Will I need to find a specialist?
Many high street banks offer buy-to-let mortgages at competitive rates, although their checks can be rather stringent as they tend to be more risk averse than a specialist lender. Depending on your strategy, and what you intend to do with your property, your best options may vary. If you are looking to purchase one or two properties as a pension then it may be preferable to go to a high street lender, but if you intend to build a large portfolio then a specialist lender may be the best fit.
What are the typical requirements?
Lenders are looking for investors who have a sizeable deposit to put up against a loan. While a residential lender may be asking for 5-10% of the value of the property as a deposit, most buy-to-let lenders will require at least 25%. The maximum loan-to-value most lenders will consider is 75%, with only a few specialist lenders willing to go slightly higher. Lending criteria may also be more exacting than for a standard residential loan. Usually, lenders will look at how much rent you’ll earn each month from the property – this will need to be verified by a surveyor. Unless the rent is worth at least 125% of the monthly mortgage interest payment, they may refuse the mortgage.
if you are a foreign national looking for a buy-to-let mortgage then the process is slightly different. Please see our dedicated foreign national advice section for more information.
What types of buy-to-let mortgages are available?
Once you’ve found the property you want to buy and have selected a lender, you need to decide how you’d like to repay the loan. You can choose to pay either interest only or capital repayment:
Interest-only mortgage - these are mortgages where you only pay the lender the interest payments for a fixed term period. The interest-only route is usually more popular with professional landlords and property investors for two main reasons. With an interest-only strategy, the investor’s aim is usually to continue building a large portfolio of property. By choosing this strategy, the investor has the cash flow to reshuffle their property capital in order to increase their number of properties. In other words, this helps investors think in the long term. At the end of the mortgage term, the property is usually sold to repay the initial advance. There are also certain tax advantages to an interest-only mortgage as interest due on buy-to-let mortgages can be offset against tax - however, these are matters best discussed with a professionally qualified accountant.
Capital repayment mortgage - In contrast to interest-only mortgages, a capital repayment mortgage allows the investor to repay the value of the loan plus the interest over a fixed term. The obvious benefit of this choice being that at the end of the lending term the landlord owns their property and won’t have to sell it to repay the loan. These types of loans are typically popular with people who already have, or intend to acquire, a small portfolio of properties as they are then able to retain the full asset value at the end of the loan. Capital appreciation as well as rental yields are key for investors who choose this type of mortgage.

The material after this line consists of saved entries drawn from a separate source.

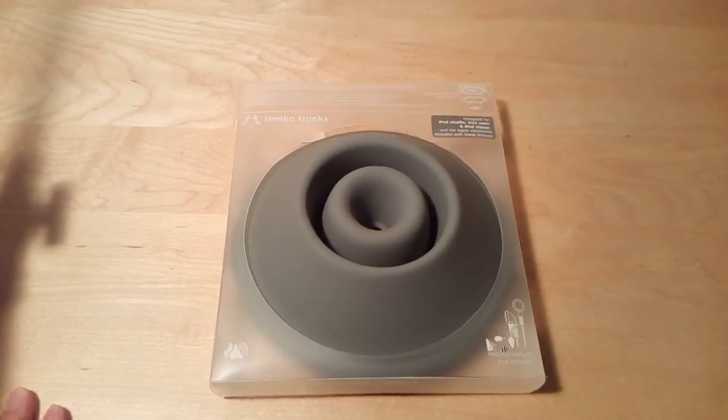When I first saw the Tembo Trunks, I thought, hmm, this could be a streak of genius, or it could be one of the biggest gimmicks I've ever seen.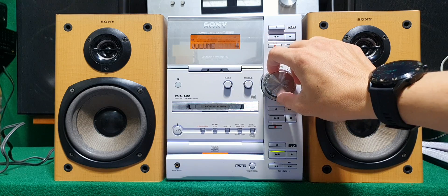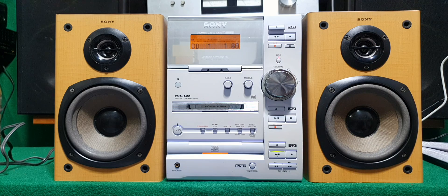Trong lô này về, một trong mấy bộ, chỉ có bộ này mùa cuối cùng còn chỉnh được bass treble thôi. Mình bán cho anh em về sử dụng luôn, rất là phù hợp.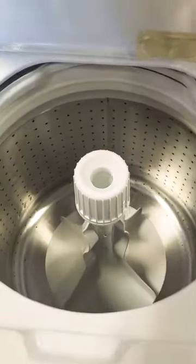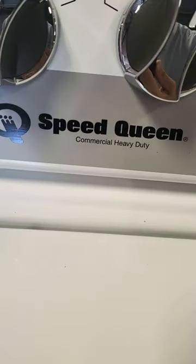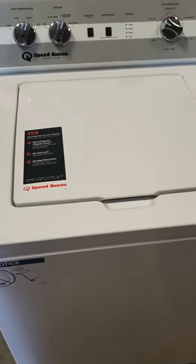This will actually be the best washer you ever own if you buy it. It's called a Speed Queen, and this is their classic — they call it the TC5. I hope this helps. If you get one, you'll love it.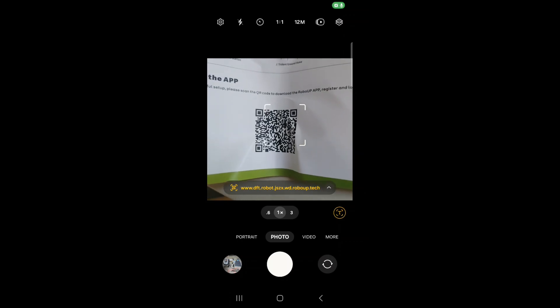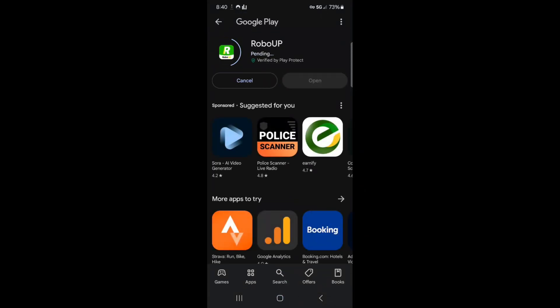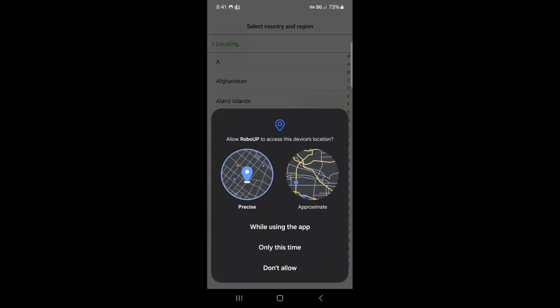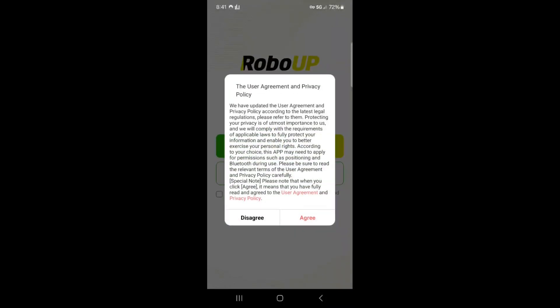Now it's time to set up the mower. First, I took a picture of the QR code and downloaded the RoboUp app. You set up your information, agree to the policies, and then create your account.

Whether you decide to approach a high street or specialist mortgage lender, and whether you decide to opt for interest-only or capital repayment, loans will depend entirely on your circumstances and each option provides benefits relevant to different interests. The key is to research each option as thoroughly as possible and shop around for the best rate. As much as each choice provides you with unique benefits, you will offer equally unique benefits to the loan provider so it is in everyone’s interests to get you the best deal.
However, it is much more difficult to secure a mortgage for an off-plan property. Generally, mortgage lenders don’t like lending against a property that has not yet been built since they rely on conveyancing to deem the value of the property. That’s not to say they are impossible to acquire - a select few lenders may consider an off-plan property - but it is certainly much rarer.
Disclaimer: As with all mortgages, your home may be repossessed if you do not keep up repayments.